Those mechanisms would lead to a large reduction in their "engineering" staff and the loss of potential future bragging rights in how modern and "cloud-native" their infrastructure is, so nobody wants to implement them.
Sure they're probably VMs but their cost isn't 0 either
And in a lot of cases it's hard to find out if a production application can be switched off. Since the cost is typically small for an unused application, I don't know if there are many people willing to risk being wrong
Pardon my ignorance, but isn’t that something that can happen to anyone? Uncached objects are not something as serious as leaving port 22 open with a weak password (or is it?). Also, aren’t S3 resources (like images) public so that anyone can hit them any times they want?
I'm glad I use a Hetzner VPS. I pay about EUR 5 monthly, and never have to worry about unexpected bills.
The trade-off being that your site falls over with some amount of traffic. That's not a criticism, that may be what you want to happen – I'd rather my personal site on a £5 VPS fell over than charged me £££.

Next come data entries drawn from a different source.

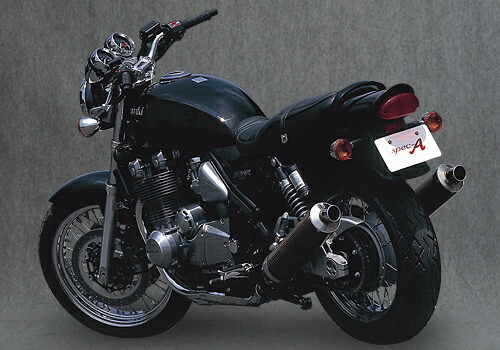 バイク用品 マフラー ヤマモトレーシング ヤマモト.R スリップオン チタンサイレンサー2ホンダシ ZEPHYR1100 41101-02NTB 4521717300376
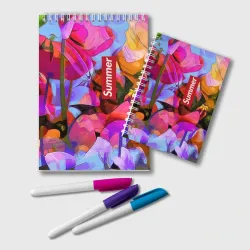 Блокнот Красочный летний цветочный паттерн Summer color pattern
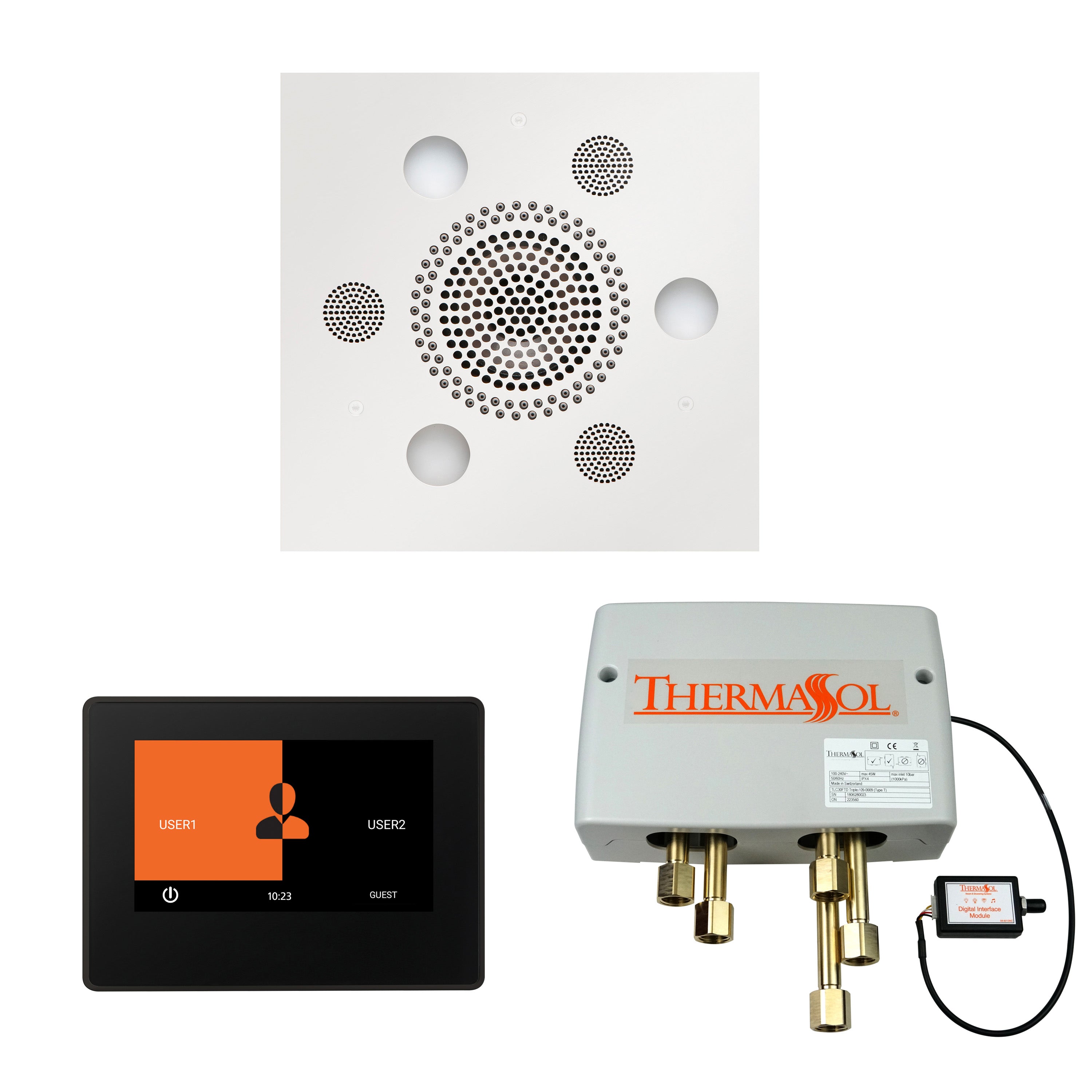 Thermasol The Wellness Shower Package with 7" ThermaTouch Square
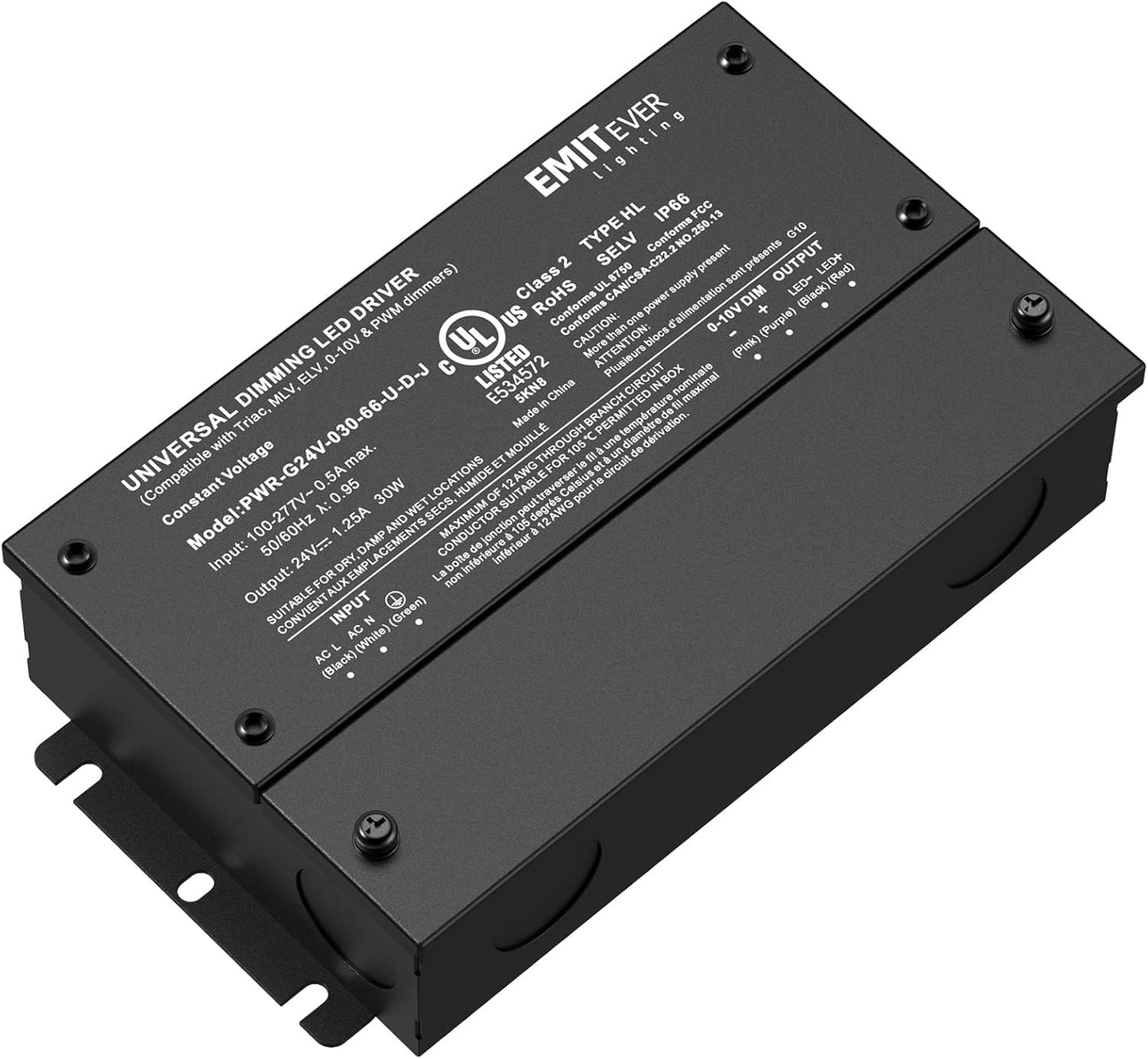EMITEVER 30W Dimmable LED Driver for Versatile Lighting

But that's not what many businesses will want, it would be very bad to lose traffic right at your peak. This was a driver for a migration to cloud hosting at my last company, we had a few instances of doing a marketing push and then having the site slow down because we couldn't scale up new machines quickly enough (1-12 month commitment depending on spec, 2 working day lead time). We could quantify the lost revenue and it was worth paying twice the price for cloud to have that quick scaling.
Buckets are used for backups, user uploads, and lots of things other than distributing files publicly.
The real question is if they considered caching and thus configured it appropriately. If you don't, you're telling everyone you want every request to go to origin
And it's getting harder and harder to make them public because of people misconfiguring them and then going public against AWS when they discover the bill.
It's not that hard to configure access controls, they're probably cutting corners on other areas as well. I wouldn't trust anything this person is responsible for.
You just shouldn't be using S3 to serve files directly. You can run most public and many private uses through CloudFront. Which gives you additional protections and reduces things like per object fetch costs.
> you hit natural rate limits
Seen by your customers or the public as a "denial of service." Which may actually be fine for the people who truly do want to limit their spending to less than $100/month.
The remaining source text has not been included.